Your instructions:
Every line from the one containing "زيت زيتون بكر ممتاز ٥ ليتر" to the end of the data below should be copied exactly, but pictures should not.

START Dataset

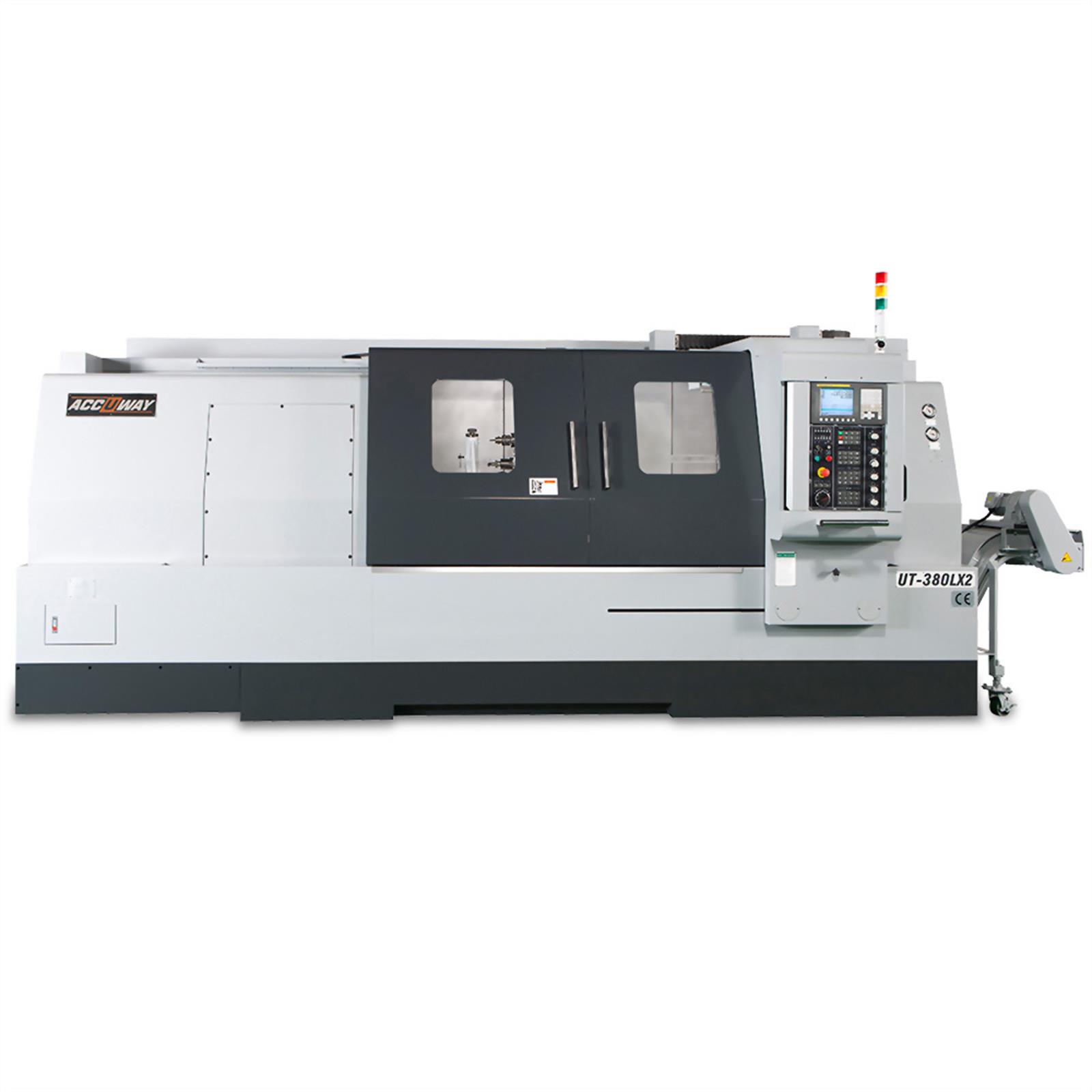 Accuway UT-380LX2 Slant Bed Linear Way CNC Lathe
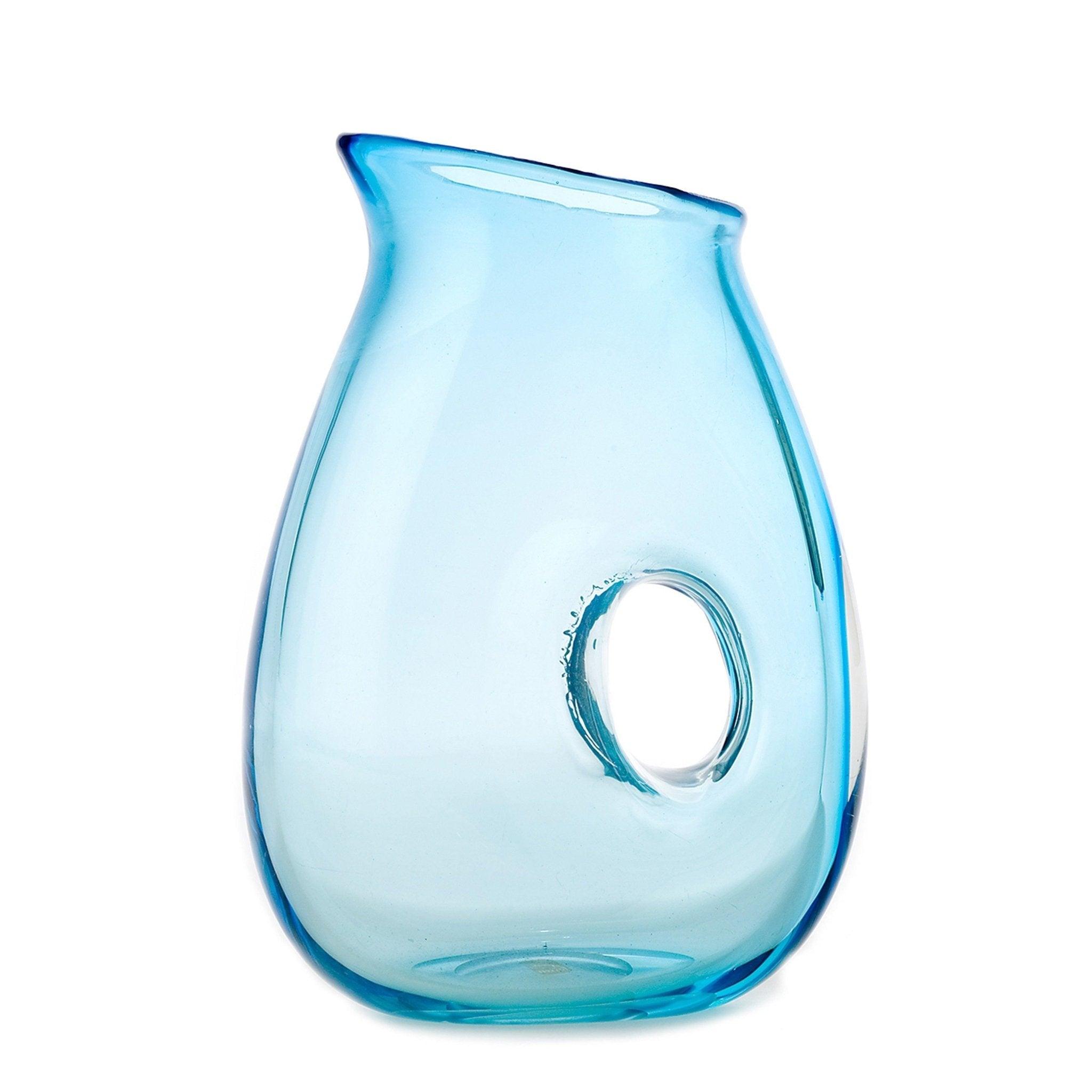 Dzbanek JUG WITH HOLE jasnoniebieski Pols Potten Eye on Design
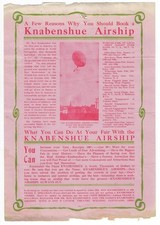 1907 Broadsheet Advertising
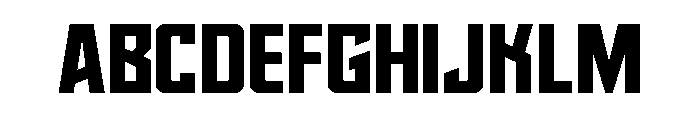 Dynamic Trooper Straight FONT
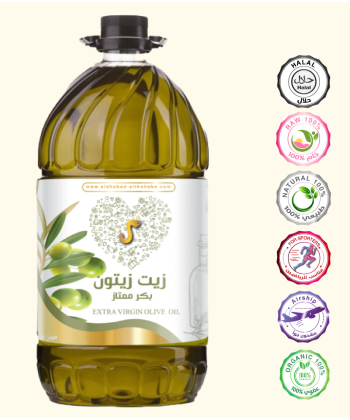 زيت زيتون بكر ممتاز ٥ ليتر 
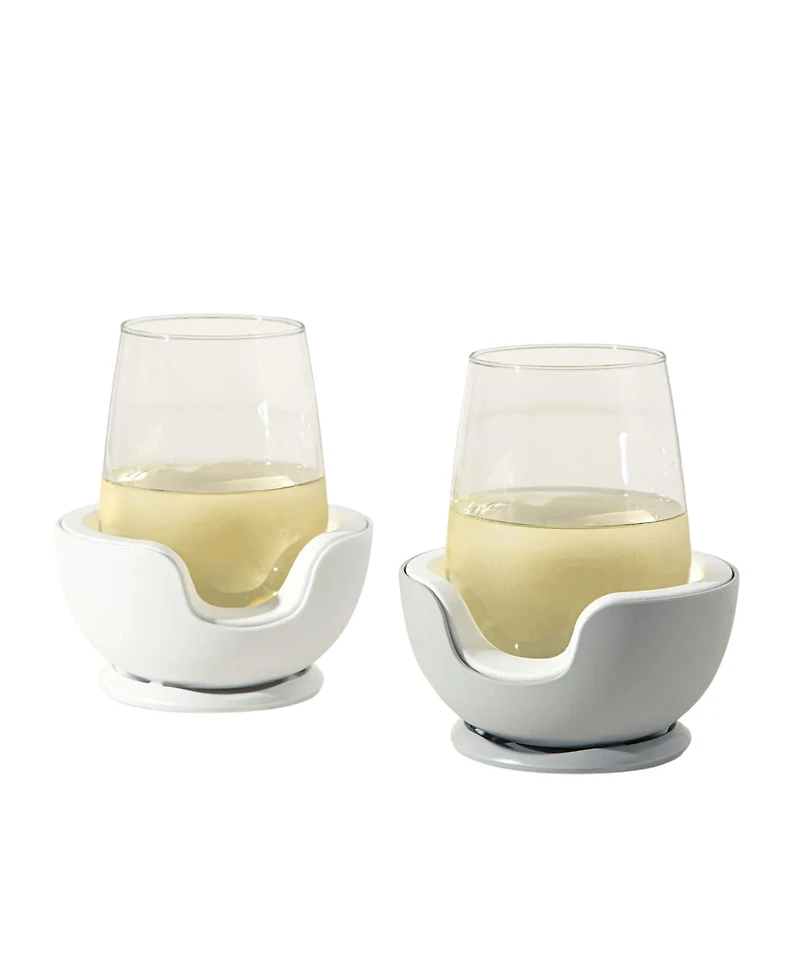 Uncommon Goods Stemless Wine Chiller Stand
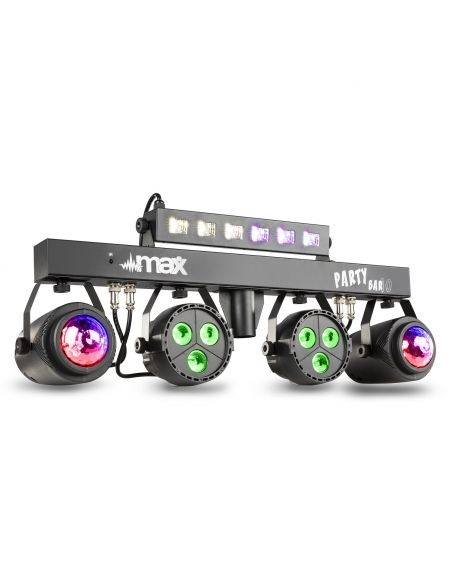 Max PartyBar10 Kit 2x Jelly Moon, 2xPAR y UV/Strobo 153008 - 1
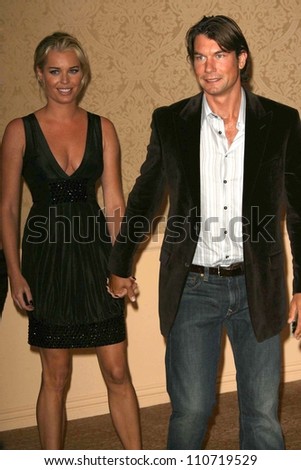 Rebecca Romijn and Jerry O\'Connell at the 2007 ABC All Star Party. Beverly Hilton Hotel, Beverly Hills, CA. 07-26-07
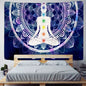 Geometric Colorful Blanket Tapestry by Decobites: Bohemian Bedspread & Wall Hanging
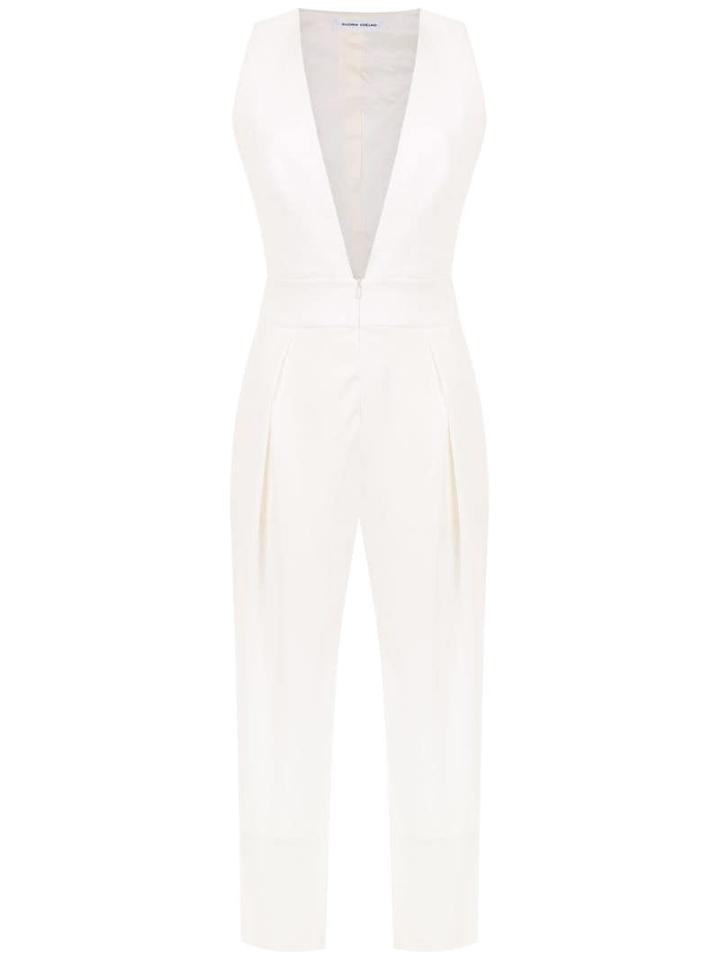 Gloria Coelho Pleated Jumpsuit - Neutrals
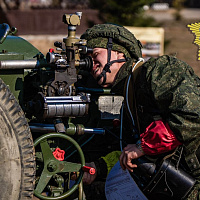 Практические занятия на полигоне с курсантами Военной академии Беларуси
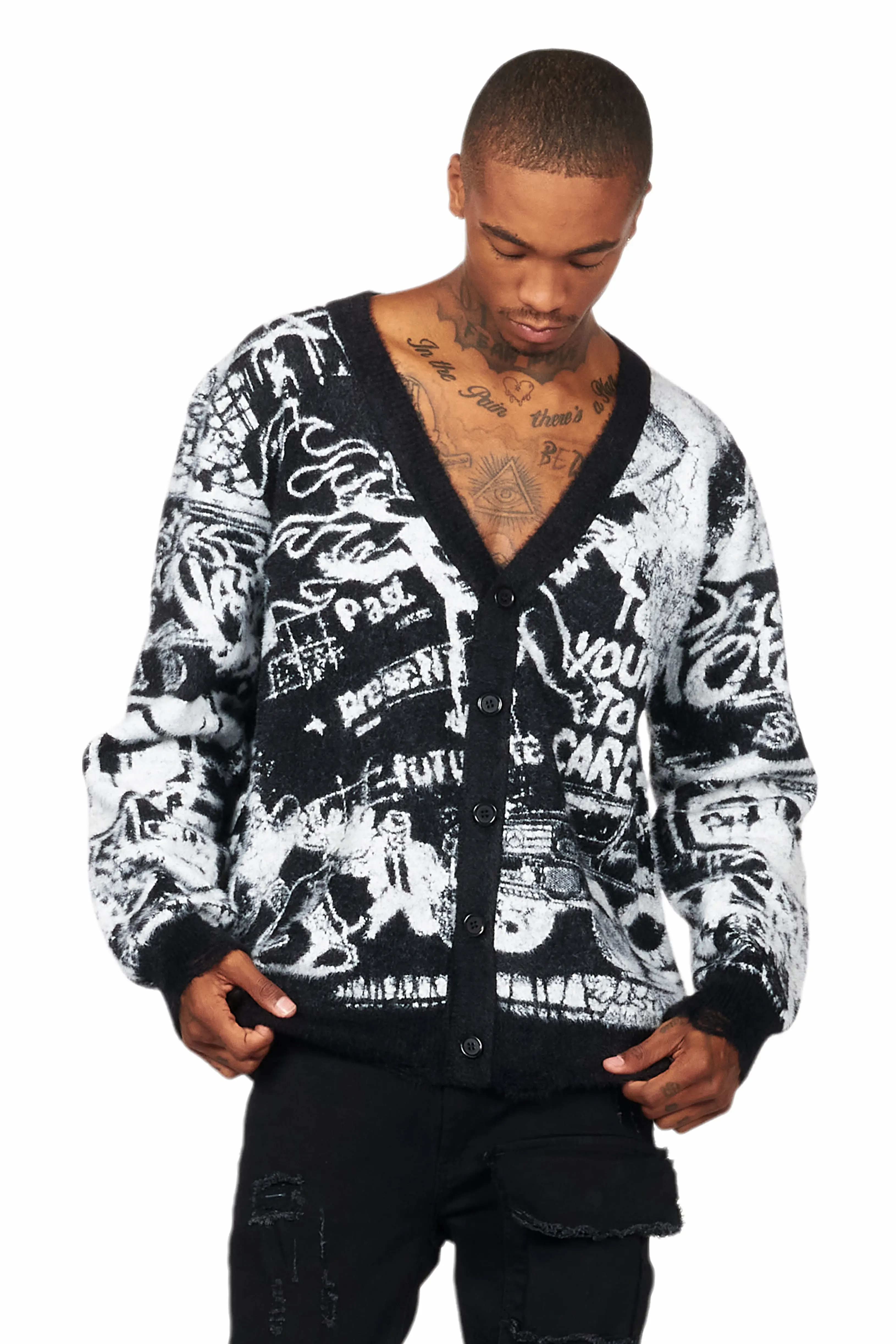 Selby Black Knit Sweater - Image 3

END Dataset

The answer:
 زيت زيتون بكر ممتاز ٥ ليتر 
 Uncommon Goods Stemless Wine Chiller Stand
 Max PartyBar10 Kit 2x Jelly Moon, 2xPAR y UV/Strobo 153008 - 1
 Rebecca Romijn and Jerry O\'Connell at the 2007 ABC All Star Party. Beverly Hilton Hotel, Beverly Hills, CA. 07-26-07
 Geometric Colorful Blanket Tapestry by Decobites: Bohemian Bedspread & Wall Hanging
 Gloria Coelho Pleated Jumpsuit - Neutrals
 Практические занятия на полигоне с курсантами Военной академии Беларуси
 Selby Black Knit Sweater - Image 3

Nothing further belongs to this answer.